How Lucky You Are to Be Alive Right Now

This past June, I had the honor to see the Broadway sensation Hamilton in New York City. Conceived, written and starring (until last July) Lin-Manuel Miranda, Hamilton tells the story of one of our often forgotten founding fathers, Alexander Hamilton. Based upon Ron Chernow’s biography, the show tells the story of the founding of this nation through music (rap music) with Hamilton as the central character. While there are many impactful lessons to be taken from the show Hamilton, one leadership opportunity and lesson in particular recently caught my attention as I was listening to the song “The Schuyler Sisters” (Alexander Hamilton married Eliza Schuyler and had a close relationship with her sister, Angelica Schuyler).

One lyric from “The Schuyler Sisters(click to listen) goes like this:

Look around, look around at how lucky we are to be alive right now!

History is happening in Manhattan and we just happen to be

In the greatest city in the world.

The Schuyler sisters are singing about how lucky they are to be living in New York City at the time of the Revolutionary War, when history was happening in what would become the United States of America. Yes, it was a dangerous and uncertain time, yet the song focuses on how lucky they were to be living in that time to be a part of witnessing and shaping history. All of us have that same unique opportunity today as history is happening (and can be shaped) again in the United States.

If you’re like me, you find the current national dialogue challenging, often feeling like it is made up more of attacks than conversations. People are more entrenched and less open to different ideas. People are uncertain and even afraid. It feels like the country is more divided than ever, and it’s easy to wish that things were different. But here’s the shift opportunity – what IF we choose to see these times as did the Schuyler sisters – how lucky we are to be alive right now?

Too often I see people experiencing the recent election and its resulting fallout as either negative or positive depending on what side you were on. But this article is NOT about politics or political views. It’s about leadership – specifically, the leadership opportunity that is right in front of us in this moment in history of uncertainty and questions. When things are simple and easy, personal leadership may seem unnecessary. Likewise, when the seas are calm and it’s smooth sailing, it’s easy to relax and even go to sleep. In this moment in history, things are neither simple, easy or smooth, and that’s when courageous personal leadership is most critical.

While I regret the seeming difficulties in having open-minded conversations about difficult topics, my strong sense is that people on all sides of the issues and with all different perspectives are waking up, looking around and using their voices to seek change. Certainly, different people are seeking or supporting different kinds of change, and that’s the nature of the world. It is precisely in these uncertain and even challenging times that personal leadership is so vital, and I believe that We the People are the ones in the best position to create and shape the future in our country, in our communities, in our organizations, in our families, and in our lives.

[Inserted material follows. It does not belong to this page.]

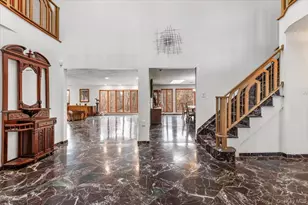 22 Lake Rd, Great Neck, NY 11020 - Photo 6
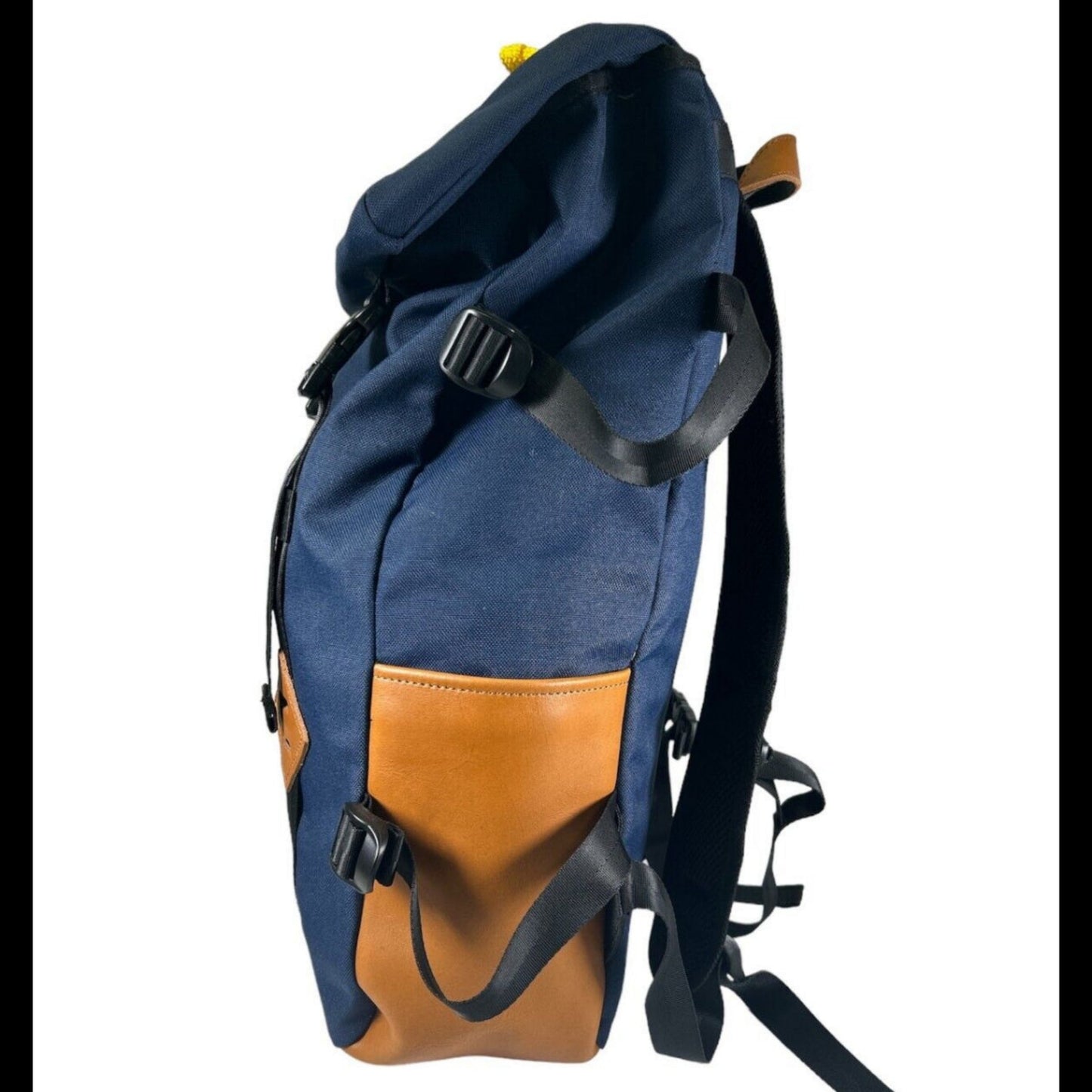 Europe Bound Kettle Sack with Laptop Sleeve 45L Capacity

Now is the time to decide whether you will be a victim of (or a passive participant in) circumstances and the choices of others, or instead courageously choose to be a part of change. There’s no assurance that your perspectives or objectives will be achieved, but one thing is certain – your silence ensures that, whatever the outcomes, you will merely be living with them rather than seeking to create them.

With a focus on personal leadership – specifically, various essential traits of impactful leadership – I invite you to compare and contrast these different leadership approaches:

  • Making statements versus asking questions
  • Jumping to judgment versus empathy and compassion
  • Talking versus listening
  • Seeking to be right versus seeking to understand
  • Attacking versus accepting
  • Closed versus open
  • Your view versus our view

Leadership is a choice – a personal choice – and my invitation is for each of you to consider in what ways you will choose to lead in every part of your life, especially during these most interesting times.

As you consider your views on what is happening and what is in front of us in these United States of America, you are compelled to answer this one leadership question that faces each of us – will I merely be a witness to change, or will I seek to be the change? Whatever your answer, I hope you can feel and experience “how lucky you are to be alive right now.”